Por Ferreira Fernandes
NO ÁLBUM de uma minha tia-avó havia uma foto com ela num banco de jardim, ao lado de uma incógnita. Esta era um vazio deixado por uma tesoura que contornara um homem também sentado ali. Homem, por causa do chapéu e perfil (a tesoura foi minuciosa). 
Na família ficou a lenda de um antigo namorado, deslize que, à tesourada, o futuro marido não perdoou, ao mesmo tempo que quis que se guardasse a foto, prova do pecado. 
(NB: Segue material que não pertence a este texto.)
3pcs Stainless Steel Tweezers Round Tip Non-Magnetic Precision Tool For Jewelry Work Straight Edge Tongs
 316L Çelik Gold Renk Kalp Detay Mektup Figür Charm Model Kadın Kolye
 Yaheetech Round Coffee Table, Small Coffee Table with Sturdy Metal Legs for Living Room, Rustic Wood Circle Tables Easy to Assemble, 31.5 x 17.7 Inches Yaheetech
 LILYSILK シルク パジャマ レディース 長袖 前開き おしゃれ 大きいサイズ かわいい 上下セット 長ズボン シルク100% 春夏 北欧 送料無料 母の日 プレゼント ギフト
Não garanto o romance, mas lembro-me bem da foto. Sei, assim, que a minha antepassada não usava a Snapchat, a aplicação ousada para smartphones. Lançada em setembro de 2011, a Snapchat já tinha enviado mil milhões de fotos ao fim de um ano, disse o londrino The Times, ontem. Não fotos como a da minha tia-avó - o jardim era público e a saia e a blusa só não cobriam o olhar feliz que traía o devaneio -, mas imagens cruas como hoje se fazem: com a Snapchat pratica-se o sexting, o envio de fotos sexuais. Parece que, a dois ou em grupo, é moda (de tal maneira que o Facebook lançou uma concorrente, Poke). Parece também que a história da minha tia-avó era mais conhecida do que a minha família supunha: ter ou enviar fotos íntimas leva ao arrependimento. Daí que a Snapchat tenha um truque: as suas fotos vivem breves instantes como a rosa de Malherbe. Dez segundos depois de enviadas, desaparecem... É não conhecer o espírito perverso do meu tio-avô: segundo o The Times, já há maneira de impedir a foto de ser apagada.